Terminology¶

Info

Even though we have very specific concepts in mind when talking about the different tools and their results, we don't (yet) apply this terminology consistently everywhere. We will do so as time permits. In the meantime, please study the concepts presented herein carefully and form your own judgement how they apply elsewhere in the documentation.

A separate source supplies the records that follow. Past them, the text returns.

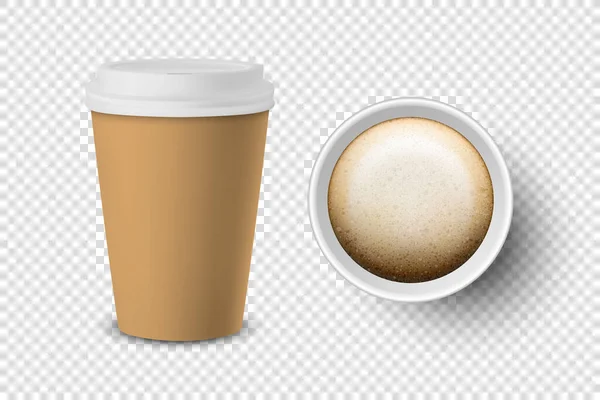 Vettore 3d realistico marrone monouso carta chiusa e aperta, tazza di caffè in plastica per bevande con coperchio bianco impostare primo piano isolato su sfondo trasparente. Modello di design, Mockup. Vista superiore e anteriore — Vettoriale Stock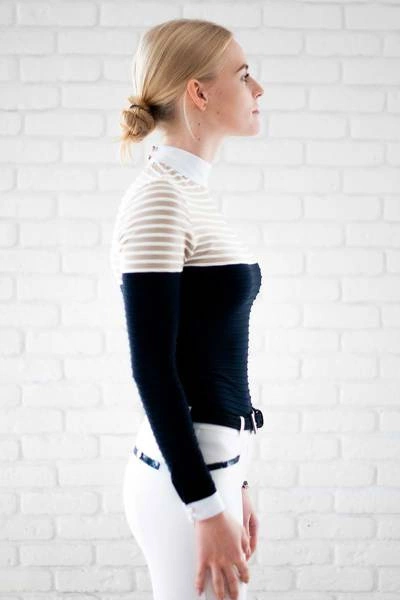 Koszula konkursowa Fleur de Lys Equestrian Foxglove - granat / beż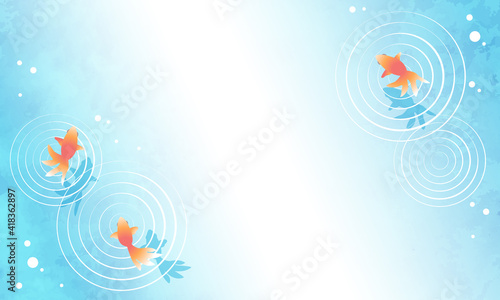 真上から見た金魚が泳ぐベクターイラスト背景　波紋、コピースペース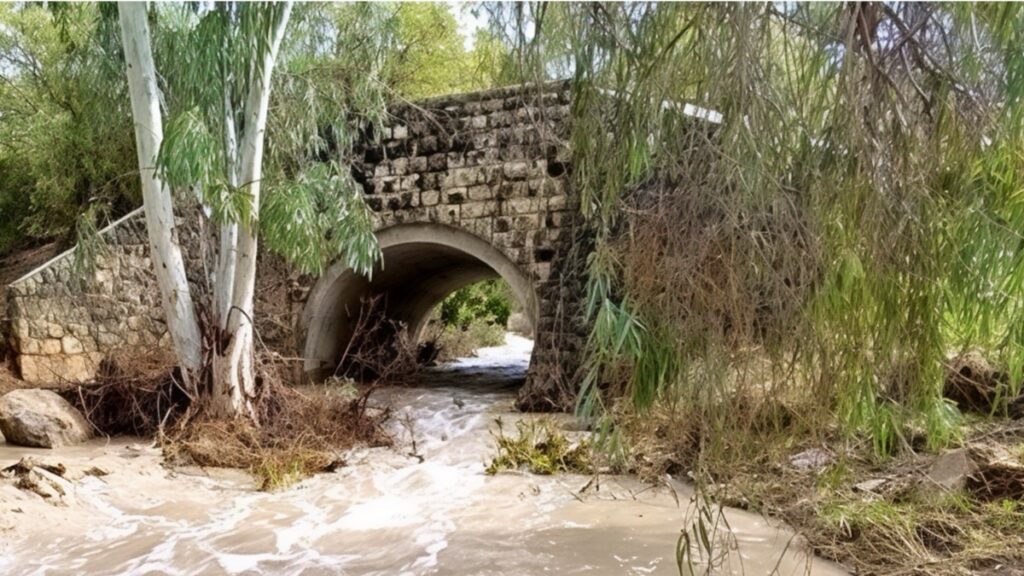נחל רפאים מתעורר: גשר נחל רפאים בשיטפון סמוך למפגש נחל רפאים עם נחל שורק. צילום: ערן גל אור
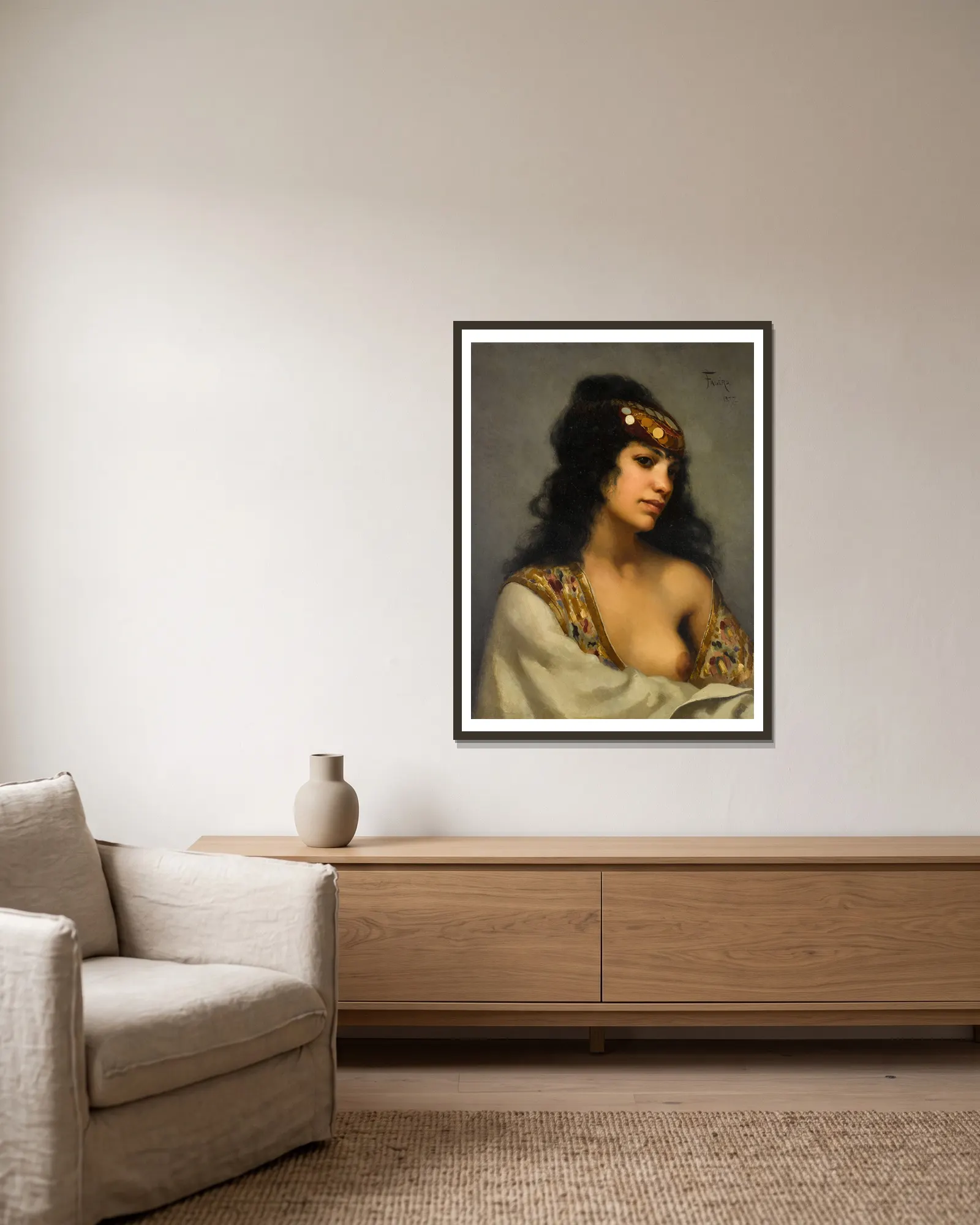 Odalisque av Luis Ricardo Falero inramad på en vägg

Our thinking about terminology is strongly influenced by the categorisation proposed by Sun et al. (2021)¹. To summarise: Broadly, we call all of these tools metagenomic profilers. They can be more finely grouped by considering their type of reference database and thus the kind of relative abundance profile produced. Furthermore, the underlying method for sequencing read classification impacts the computational complexity (time and database size/memory) dramatically.

Criteria¶

Type of Abundance/Profiler¶

Our main criteria for categorizing a metagenomic profiler are summarised in the list below, as well as shown in the schema.

Reference database:
- DNA-to-DNA, aka a metagenome library
- DNA-to-AA, aka a genomic library of protein coding sequences (amino-acid)
- DNA-to-marker, aka marker gene, aka gene families selection
Result:
- relative sequence abundance
- relative protein sequence abundance
- relative taxonomic abundance

graph TB

    P(Metagenomic Profiler)
    D(DNA-to-DNA)
    A(DNA-to-AA)
    M(DNA-to-marker)
    S(Sequence Abundance)
    SAA(Protein Sequence Abundance)
    T(Taxonomic Abundance)
    TP(Taxonomic Profiler)
    SP(Sequence Profiler aka Classifier)

    P --> D
    P --> A
    P --> M
    D --> S
    A --> SAA
    M --> T
    S --> SP
    SAA --> SP
    T --> TP

Differences in Abundance¶

A key takeaway from Sun et al. (2021)¹ is also that the different kinds of relative abundances cannot easily be interconverted by, for example, normalizing sequence abundance by genome size. Reasons for this include, in particular for metagenome-assembled genomes (MAGs), inaccurate genome size, unknown polyploidy. Sun et al. (2021)¹ observed that broadly sequence abundance tends to overestimate large genomes and underestimates smaller genomes. Any attempts to perform normalization by, for example, genome size, are just as likely to introduce systematic errors than improve the results. Furthermore, α-diversity measures appear to be statistically significantly affected by the type of relative abundance - higher for taxonomic abundance. The type also affects β-diversity although the effect is harder to quantify.

Classification Method¶

Additionally, we may be interested in the method used to classify sequencing reads.

Method:
- index
- alignment

Categorisation¶

Tool	Reference Database	Result	Method
Bracken	See Kraken2	See Kraken2	Bayesian re-estimation of sequence abundance
Centrifuge	DNA-to-DNA	Sequence abundance (optionally normalized by genome size)	FM index
DIAMOND	DNA-to-AA	Protein sequence abundance
Kaiju	DNA-to-AA	Protein sequence abundance
Kraken2	DNA-to-DNA (DNA-to-AA)	(Protein) sequence abundance	k-mer index
KrakenUniq	DNA-to-DNA	Sequence abundance	see Kraken
MEGAN6/MALT	DNA-to-DNA	Sequence abundance	alignment
MetaPhlAn	DNA-to-marker	Taxonomic abundance	alignment (bowtie2)
mOTUs	DNA-to-marker	Taxonomic abundance	alignment (bowtie2)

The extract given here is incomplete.